Directed By: John Farrow
Starring: Boris Karloff, Beverly Roberts, Ricardo Cortez
Tag line: "He'll kill you on a moment's notice!"
Trivia: Some of the sets used for this movie were left over from 1936's The Charge of the Light Brigade
Any day I watch a Boris Karloff film is a good one, and even though he’s absent for the first 20 minutes or so of 1937’s West of Shanghai, he still manages to dominate the screen, delivering what may be the weirdest performance of his career.
Eager to swing a deal that would partner his company with a large oil field in North China, Gordon Creed (Ricardo Cortez), a salesman working abroad, hops a train heading in that direction. To his surprise, a rival oil man, Myron Galt (Douglas Wood) and his daughter Lola (Sheila Bromley) are also on the train, traveling to the same locale. After having dinner together, the three head to the railroad car that Creed is sharing with General Chow Fu Shan (Vladimir Sokoloff), the top man in the Chinese army. As Creed and his guests chat the night away, the lights suddenly go out, and when they come back on, the trio realizes General Fu Shan (who was sleeping) has been stabbed in the back, and is dead. The local police, who are investigating the incident, question Creed, Galt, and Lola, all of whom are cleared of any wrongdoing, but it’s a nerve-racking start to their journey all the same.

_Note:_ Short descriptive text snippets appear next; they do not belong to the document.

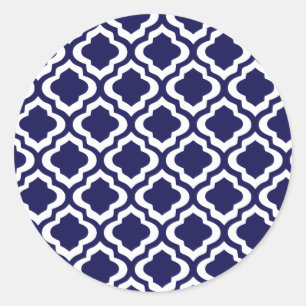 Elegant Moroccan Trellis Quatrefoil Klöver Runt Klistermärke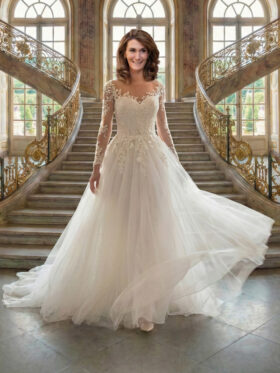 Brautkleider Elfenbein A -Linie Spitze Modell Leonora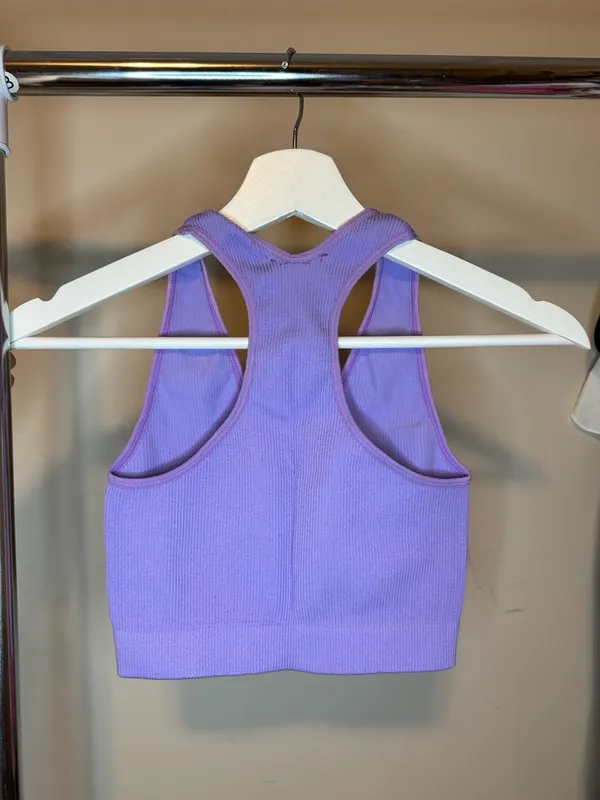 Seamed V-Neck Ribbed Crop Tank - Lavender - Image 2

Things aren’t much better at the oil field. For one, the American who runs the operation, Jim Hallet (Gordon Oliver), is in love with Creed’s estranged wife, Jane (Beverly Roberts), causing some tension between the two men. What’s more, a revolution has broken out, which allows rebel General Wu Yen Fang (Karloff), the man responsible for Gen. Chow Fu Shan’s assassination, to take control of the entire area, including the oil field. A charming, yet highly unpredictable warlord, Wu Yen Fang quickly alienates the American visitors when he attempts to seduce Jane, but a past encounter the General had with Jim Hallet might just save them all from the firing squad.
The opening scenes of West of Shanghai, before Karloff makes his grand entrance, are serviceable, though not spectacular (even the assassination of Gen. Chow isn’t much of a mystery; we watch the killer sneak on the train just before it pulls away). Fortunately, things liven up when Karloff's General Fang hits the scene. While he’s not the least bit convincing as an Asian military leader (his accent is laughable at best, and at worst, racist), Karloff is so charismatic in the role that he steals the movie right out from under his less-talented co-stars (some of the supporting performances are bad, bad, bad!). In fact, there were times throughout the picture when I was sure Karloff believed he was making a comedy (when looking over the American women, Gen. Fang insults Lola’s hair and mouth, which he says is as wide as a fish’s; and he always refers to himself in the third person, usually doing so with a bit of flair).
West of Shanghai doesn’t rank as one of Karloff’s best films, but if you want to see him camp it up a little (and do so with plenty of style), this is the movie for you.